Login to https://mycloud.rackspace.com and create a Cloud Server from the web interface with the following attributes.

  1. Server name: yourname-HPC-node-01
  2. Region: Dallas (DFW)
  3. Image (Rackspace): Ubuntu 12.04 LTS (Precise Pangolin)
  4. Size: 2GB of RAM or higher
  5. Click: Create Server

The Cloud Server will begin building.  During this time, a popup will appear with the Cloud Server password. Record this information as you will need it later. Dismiss the popup window and wait for the server build to complete. Write down IP address for the server as it becomes available.

2. Install Open MPI

Once the server finishes building and is in Available status, SSH into it and log in using the IP address and password you recorded earlier. 

ssh root@<Your Server IP>

After logging in, execute the following commands:

apt-get update
apt-get install build-essential –y
apt-get install openmpi-bin openmpi-checkpoint openmpi-common openmpi-doc libopenmpi-dev -y

3. Enable Clustering

As mentioned earlier, Open MPI facilitates communication between nodes via SSH, therefore, we will need to enable key-based logins for SSH.

To do this, run the following commands:

chmod 700 ~/.ssh
echo "StrictHostKeyChecking no" >> /etc/ssh/ssh_config
ssh-keygen -t rsa -b 2048 -f ~/.ssh/id_rsa -C "Open MPI"

The output of these commands should look similar to the following:

Generating public/private rsa key pair.
Enter passphrase (empty for no passphrase):
Enter same passphrase again:
Your identification has been saved in /root/.ssh/id_rsa.
Your public key has been saved in /root/.ssh/id_rsa.pub.
The key fingerprint is:
35:85:97:3c:98:89:8d:bc:58:96:97:41:ad:0b:a6:c8 Enter an optional comment about your key
The key's randomart image is:
+--[ RSA 2048]----+
|       . *oX..   |
|        B O.*    |
|       + ooo .   |
|      . +...     |
|   . . oS. .     |
|    E .   .      |
|                 |
|                 |
|                 |
+-----------------+

Note: You will be prompted for a passphrase during this process. Leave it blank.

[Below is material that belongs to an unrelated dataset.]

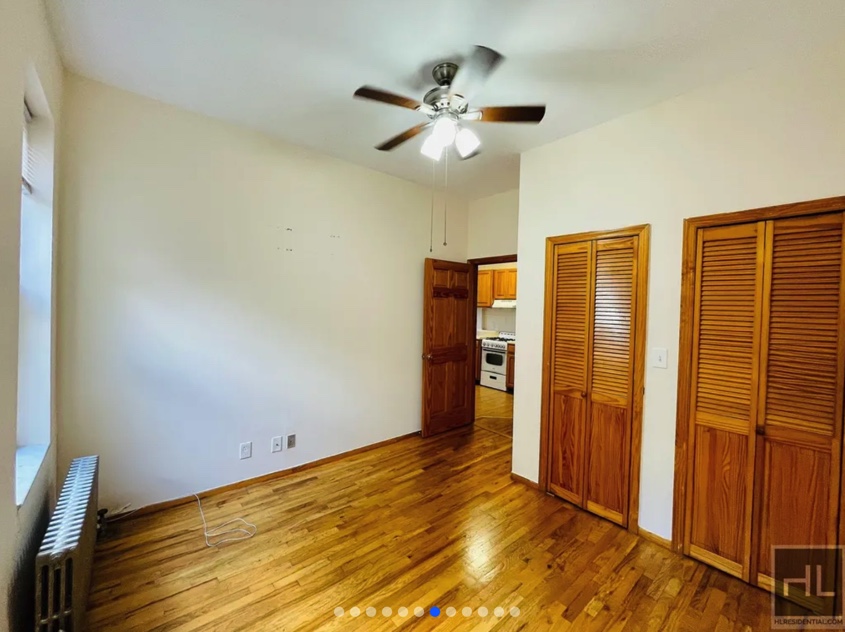 apartment listing photo of empty bedroom with two closet spaces and kitchen in the background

Copy the key to authorized key folder and change permissions to allow SSH logins:

cat ~/.ssh/id_rsa.pub >> ~/.ssh/authorized_keys
chmod 600 ~/.ssh/authorized_keys 

4. Configure HPC

Now we are going to configure the master HPC node by creating a host file. To do this, ensure you are logged in to the first node over SSH and create the following file where <Your Server IP> is the IP address you used to SSH into the machine:

cd ~/
echo <Your Server IP> >> mpi_hosts

To verify the file:

cat mpi_hosts

You should see:

<Your Server IP>

To verify we have configured everything correctly so far, we will use the hello_c.c from the examples included with Open MPI. 

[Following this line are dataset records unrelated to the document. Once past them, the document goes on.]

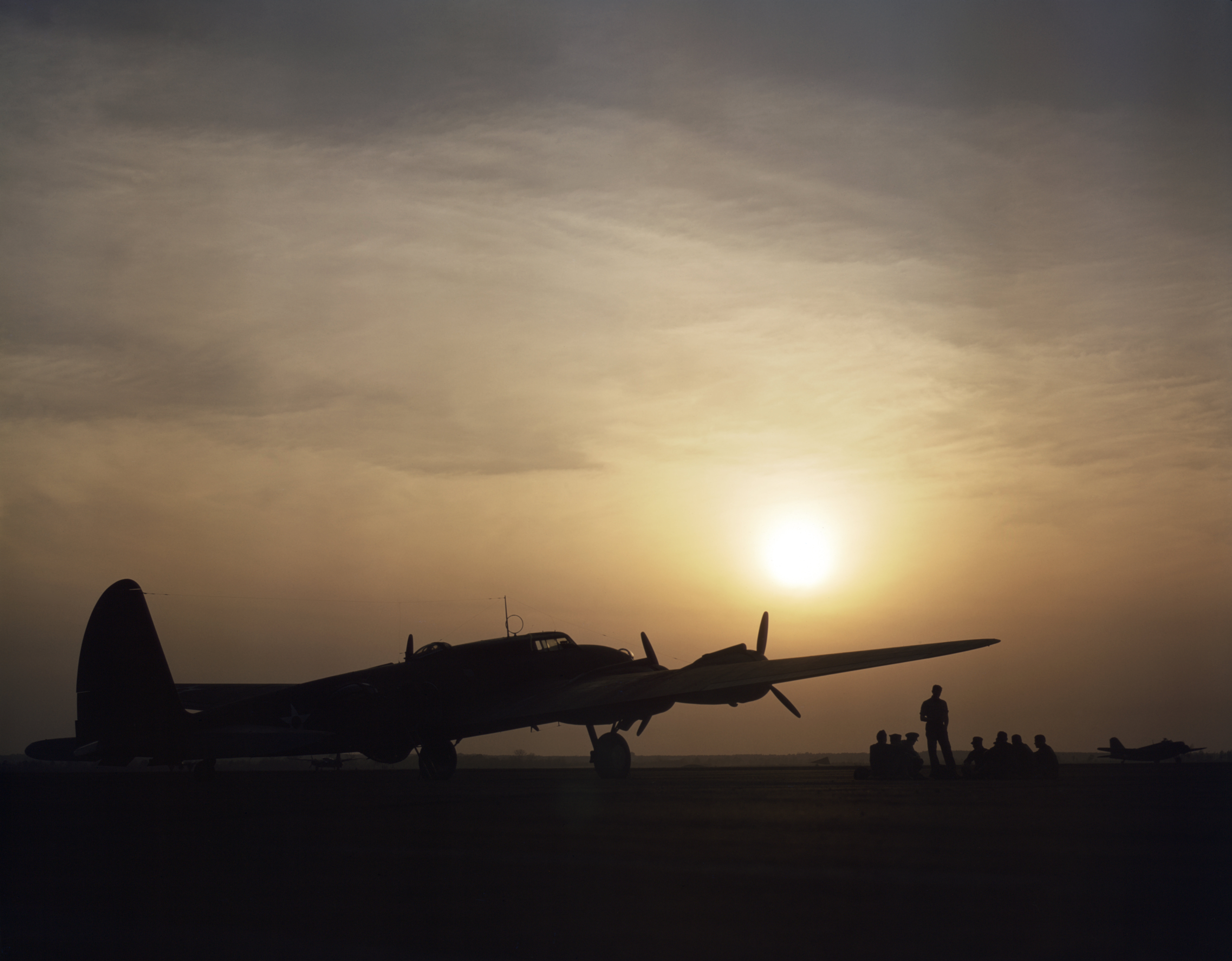 Sunset silhouette of flying fortress, Langley Field, Va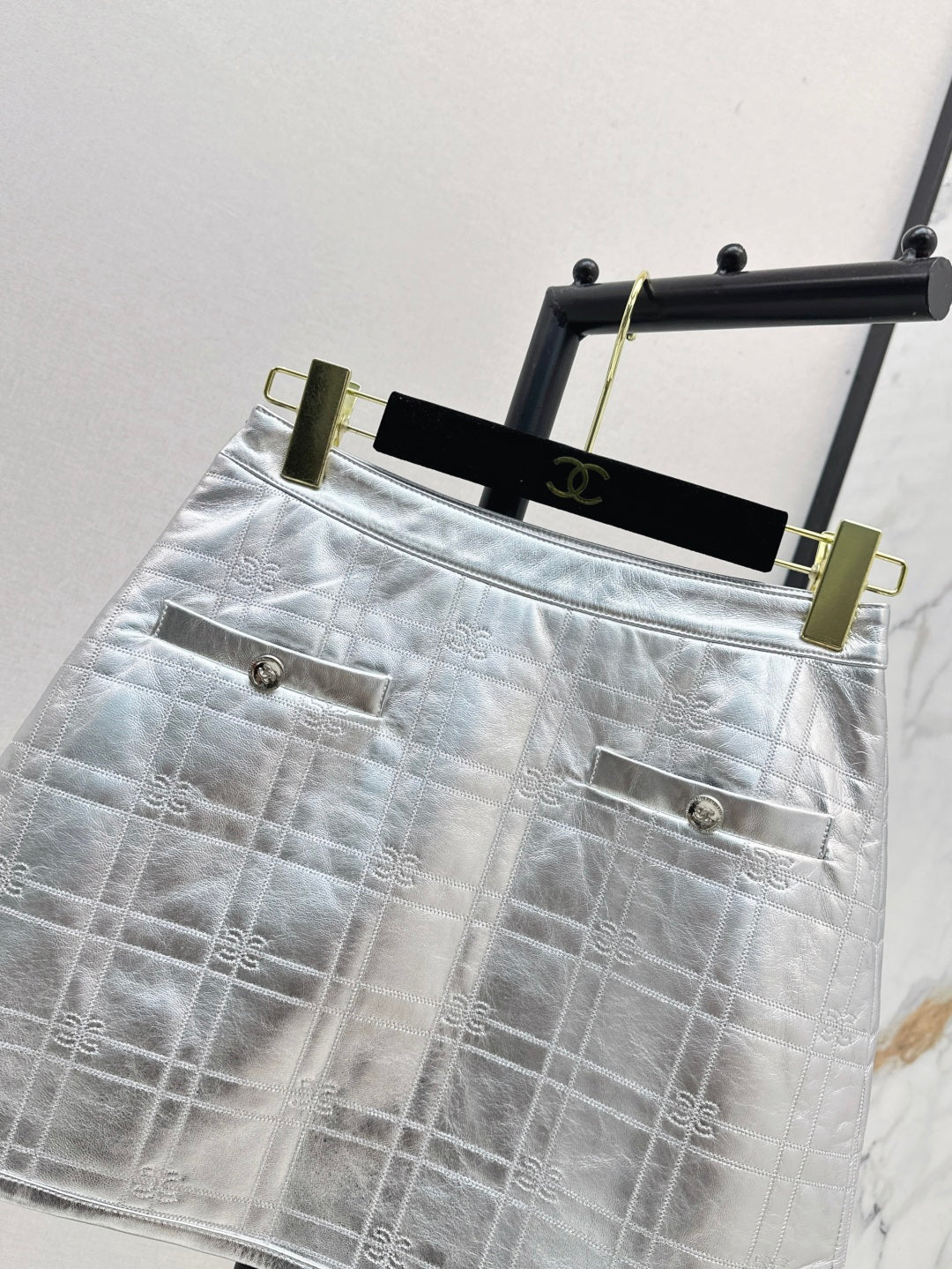 C*nel embossed check leather miniskirt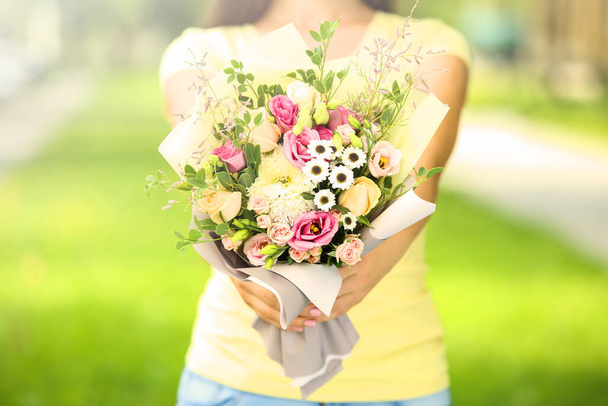 Female hands holding beautiful flower bouquet in the park - Фото, зображення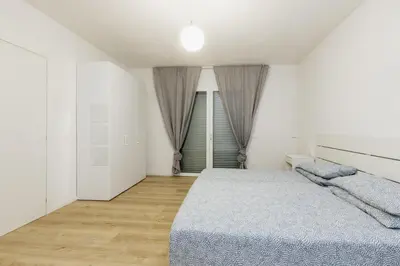 Letto o letti in una camera di Appartamento posizione strategica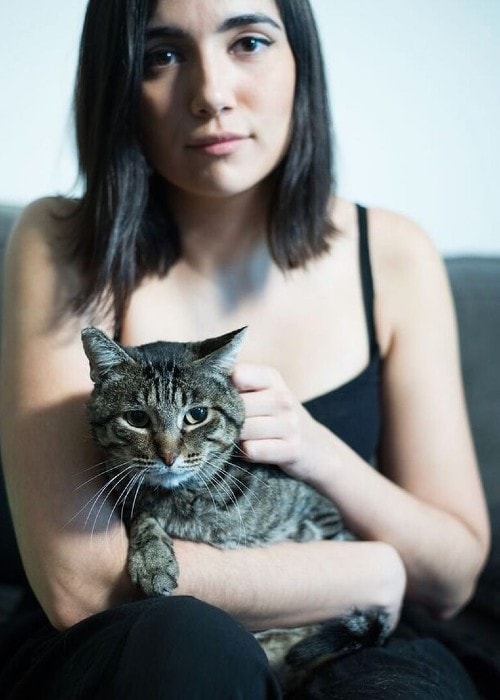 Safiya Nygaard with her cat Crusty as seen in February 2017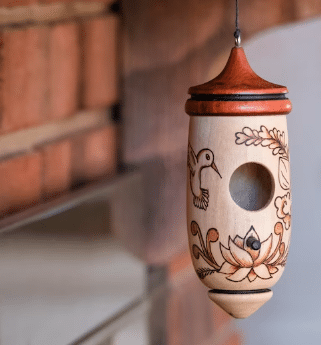 Wood carved hummingbird house with decorative design from Etsy.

To do this, follow these steps:

mkdir /root/samples
cd /root/samples
wget http://svn.open-mpi.org/svn/ompi/tags/v1.6-series/v1.6.4/examples/hello_c.c
mpicc hello_c.c -o hello
mpirun ./hello

This should output the following:

Hello, world, I am 0 of 1

Now that it works, get the second example, which we will use it for testing connectivity:

wget http://svn.open-mpi.org/svn/ompi/tags/v1.6-series/v1.6.4/examples/connectivity_c.c
mpicc connectivity_c.c -o connectivity
mpirun ./connectivity

You should see the following output:

Connectivity test on 1 processes PASSED.

Now that we have confirmed that the first node is online and operational, we will finish building the cluster.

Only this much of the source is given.